As I walked into his office, Professor Vargas welcomed me to sit
down in the bigger of two chairs. After a few minutes of chatting, a joke about
him being a ‘mystery’ professor, and a chuckle, I was able to ask him a few
questions about himself and what he teaches at USF.
MS: What do you
teach and why?
MV: Well, let’s
see, I teach a lot of different things. I teach in the Honors Program in the
Humanities, Those courses are on 19th and 20th Century
Intellectual History. In philosophy, I’ve tended to teach introduction to
philosophy courses, with ‘Mind Freedom Knowledge,’ probably the course I most
consistently teach. I’ve also taught Ethics and Philosophy of Action (that’s
mainly the free-will problem, at least as I teach it). Philosophy of Law is
what I’m teaching right now. I also regularly team teach Moral Psychology with
a psychologist, Prof. Saera Khan. Finally, I teach Latin American Philosophy—that's
my connection to Latin American Studies. Those are the main things I’ve taught
in recent years.
MS: How did you
end up at USF?
MV: Well, I got
a job offer and decided to take it! [laughs] I went to graduate school here in
the Bay Area, and my wife and I really like living in the Bay Area. We’ve got
some family here, so when we had the opportunity to stay, we happily took it. USF
has been absolutely terrific to me. I am very, very happy to be here.
MS: So you just
won the Dean's Scholar award, we wanted to know what the research was about and
it cumulated in a book, correct?
MV: The Dean's
Scholar Award was an award for a project recently brought to conclusion, a book
out later this year called Building
Better Beings. This is a book about moral responsibility and the basis on
which we rightly praise and blame one another. It’s an attempt to answer doubts
about whether we can be morally responsible for our actions. Some of the main
concerns are driven by work coming out of the sciences, including neuroscience,
which suggests that we aren’t in control of what we do. The book is an attempt
to explain why there remains good justification for holding one another
responsible, in spite of philosophical and scientific pressures to think
otherwise.
MS: Okay, just
one more question, do you have another project in the works?
MV: At this
point I’ve got two other projects I’m thinking about. One is a project in Latin
American philosophy. What I’d like to do over the next couple of years is write
something that tries to answer the question 'why bother studying Latin American
philosophy?' Latin American philosophy, as a field of study, is in a unique
position. Most philosophy departments in the United States typically don’t have
anyone who works in this area. It’s not very visible in the profession at
large. Given this fact, I sometimes hear people ask, why bother with this stuff,
what’s interesting about it? The idea is to write a book that answers these
questions. The hope is to do it partly by way of saying what I take Latin
American philosophy to be (as a field of study), and then to talk about some of
the historically interesting developments in it, including why these things are
worth reading, knowing and teaching. So, that’s one project. The other project (or
perhaps projects) has to do with Philosophy of Law. There, I am interested in
trying to understand what it is to give a good theory of the law, and what are
the types of things that help us decide what is a good or bad theory of law. It
is comparatively clear what it is to give a good theory in many other domains.

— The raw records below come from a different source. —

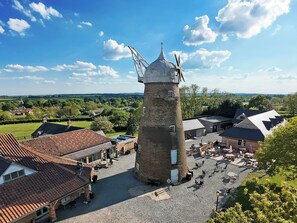 A historic tower with a clock, surrounded by traditional buildings and a courtyard with outdoor seating.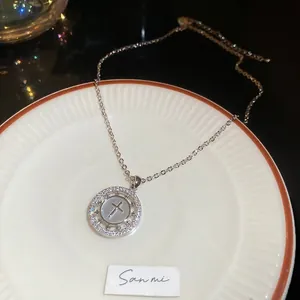 Détail macro du collier croix en argent plaqué or 18 carats avec zircons et nacre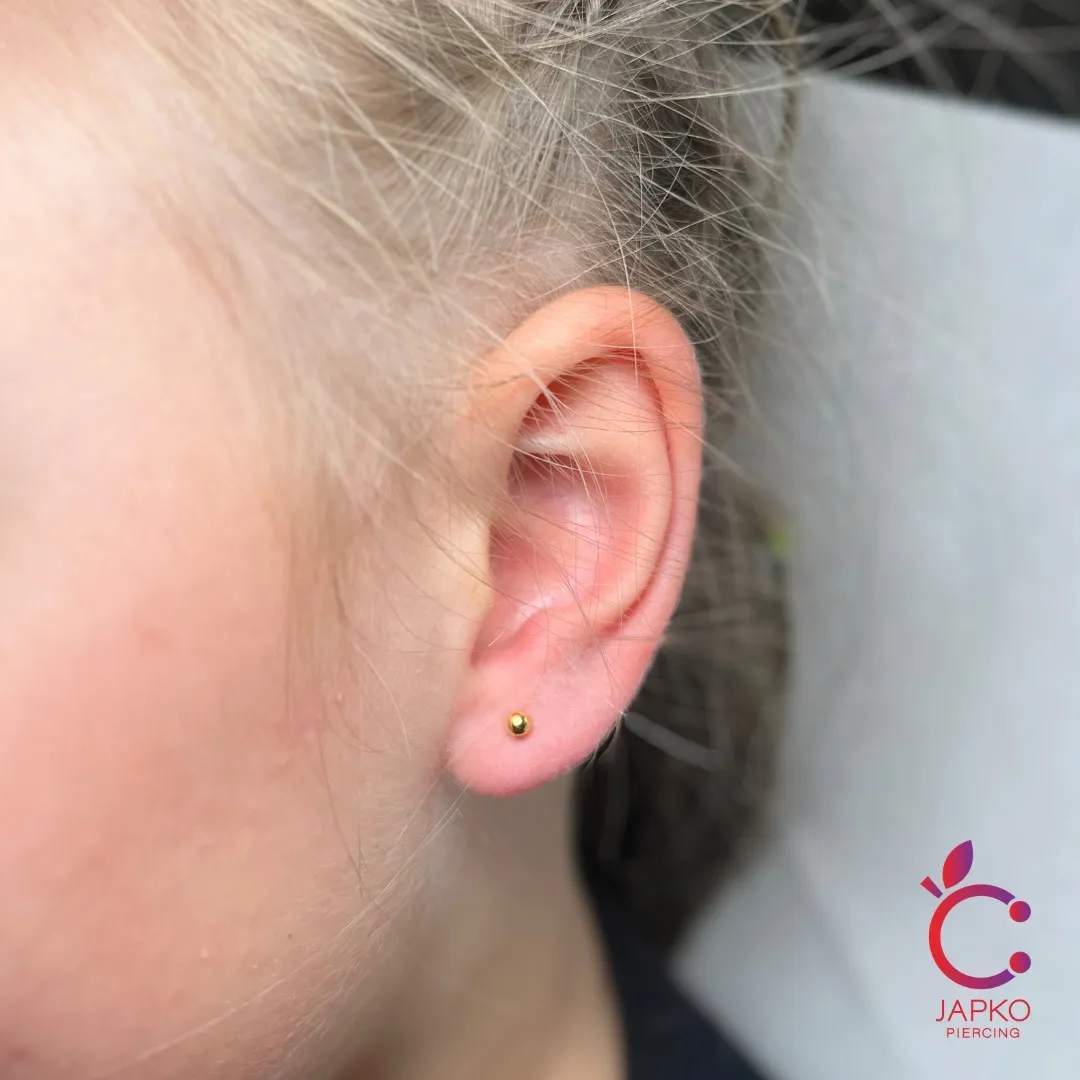 Realizacja przekłucia, studio Japko Piercing
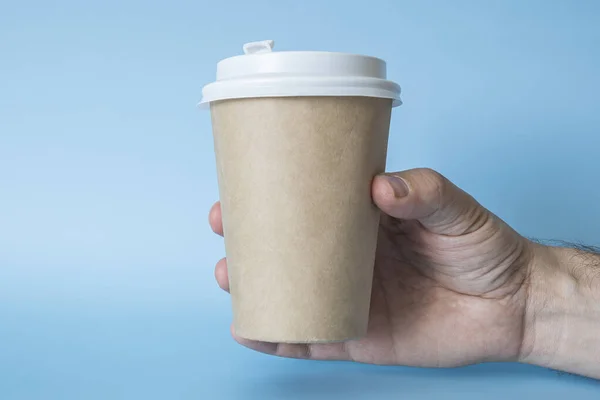 Paper cup of coffee in mans hand. Paper cup for hot drink. Idea for layout isolated on color background, flesh color, free space for text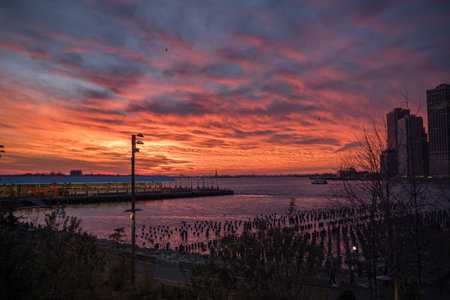 A port near the calm sea under the cloudy sunset skyの写真素材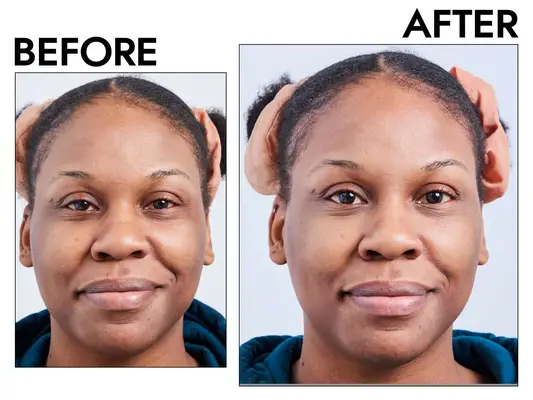 woman smiling in mirror during e.l.f. Cosmetics Halo Glow Setting Powder test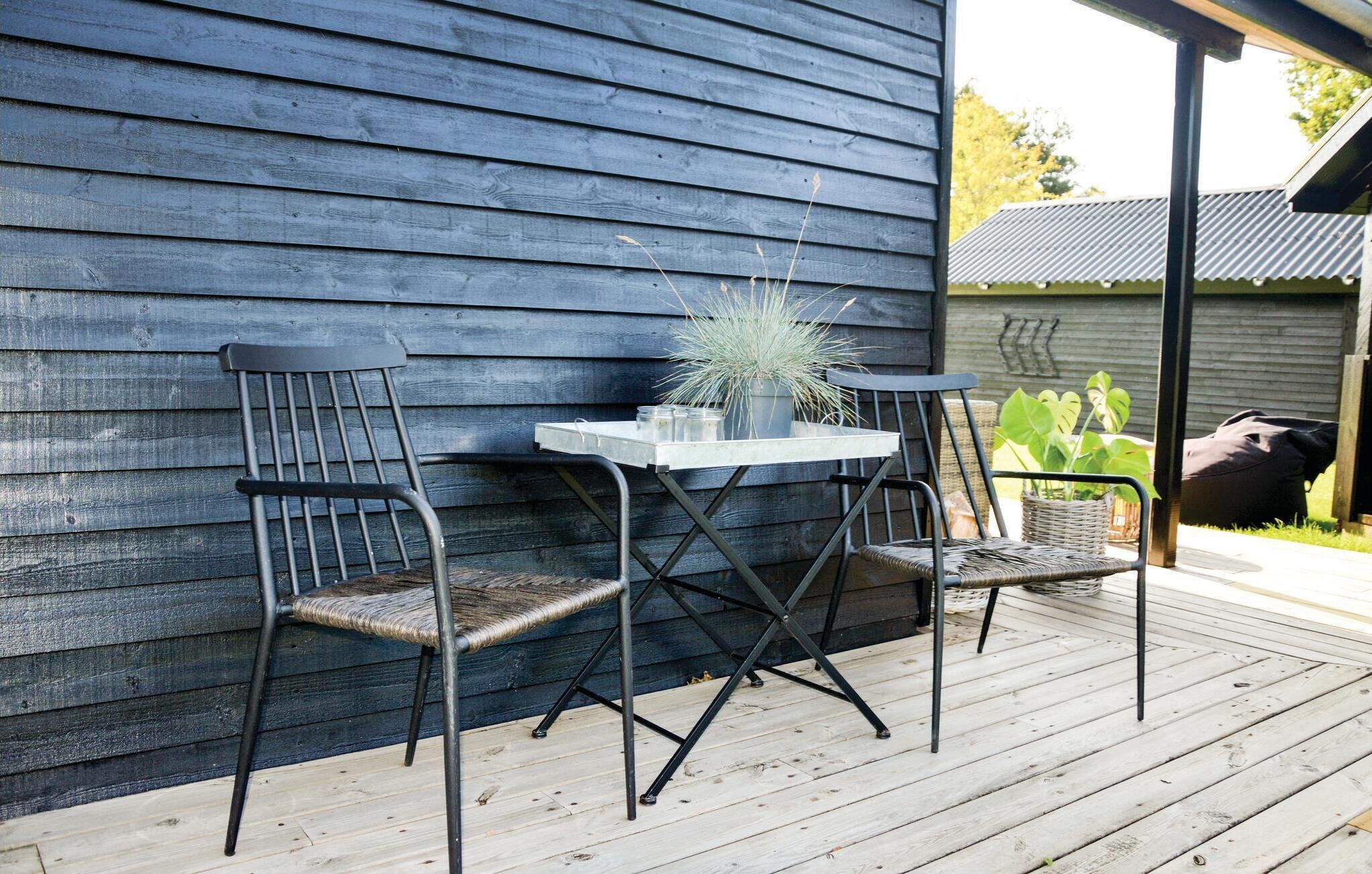A wooden deck with two metal chairs and a small table, a potted plant, and a bag on the ground.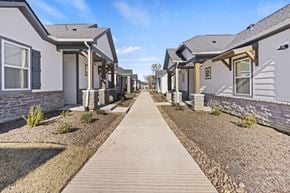 Arlington apartment for rent - A row of houses with a wooden walkway in the foreground at Avilla Lakeridge, Arlington, TX 76002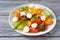 Caprese salad with mozzarella balls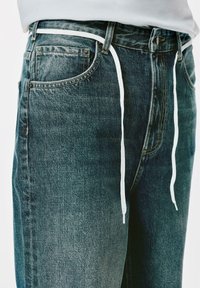 Dunkelblaue Denim-Jeans haben eine lockere Passform und eine weiße Kordelzugakzent. Die Textur ist leicht abgenutzt, mit sichtbaren Nähdetails.
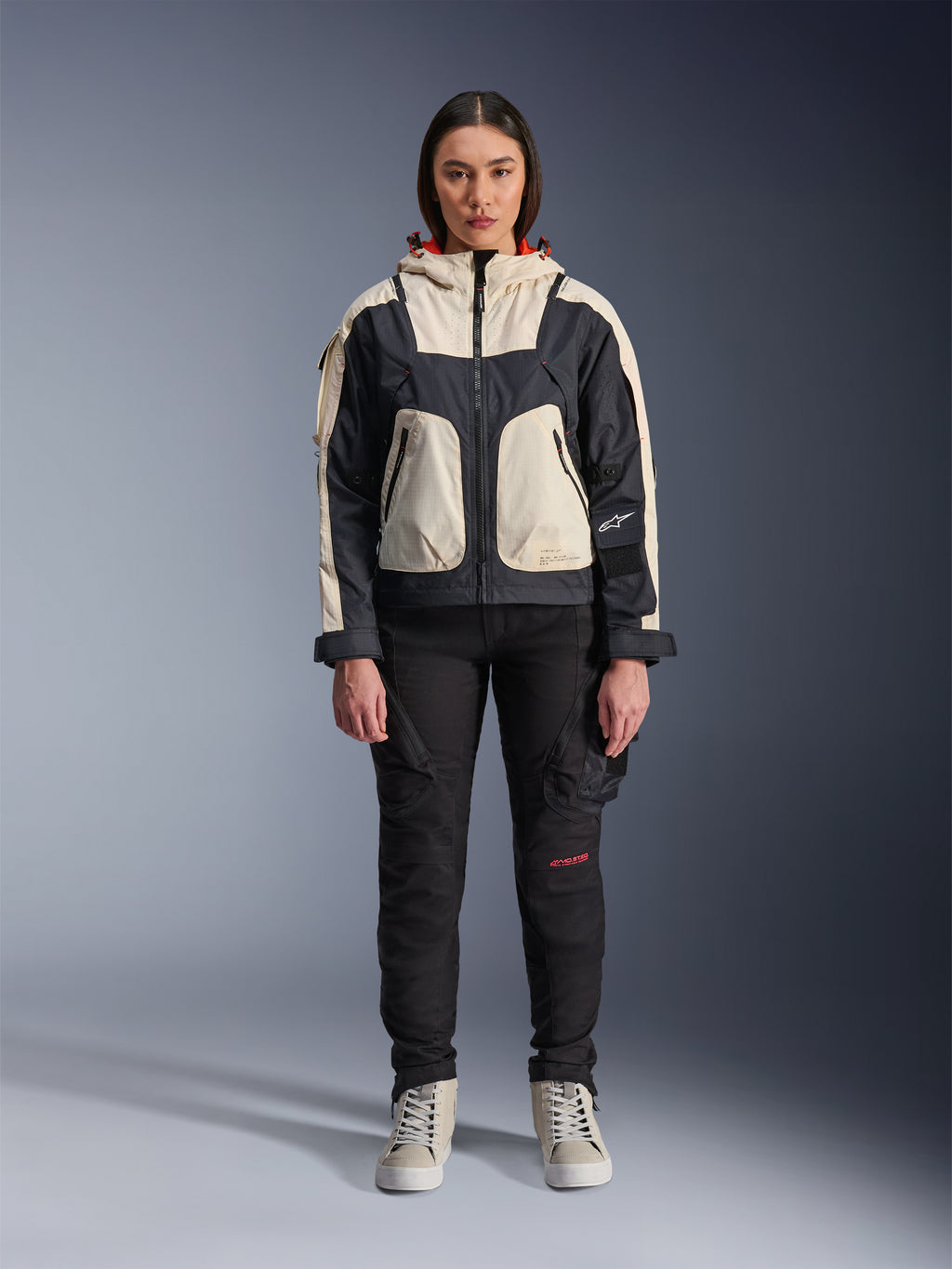 Modella che indossa la giacca Alpinestars Molly Air in Black Almond, con design color-block crema e nero e cappuccio foderato in rosso, abbinata a pantaloni da moto neri e sneakers crema, scatto in studio di abbigliamento urban contemporaneo.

For example, in physics or chemistry there is a clear set of phenomena and we
want to explain that stuff. For a theory of the law, for complicated reasons I
think it is less clear exactly what the phenomena is for which we are trying to
generate an account. There is potentially a third but related project lurking
here, and that concerns the relationship between moral responsibility
and legal responsibility.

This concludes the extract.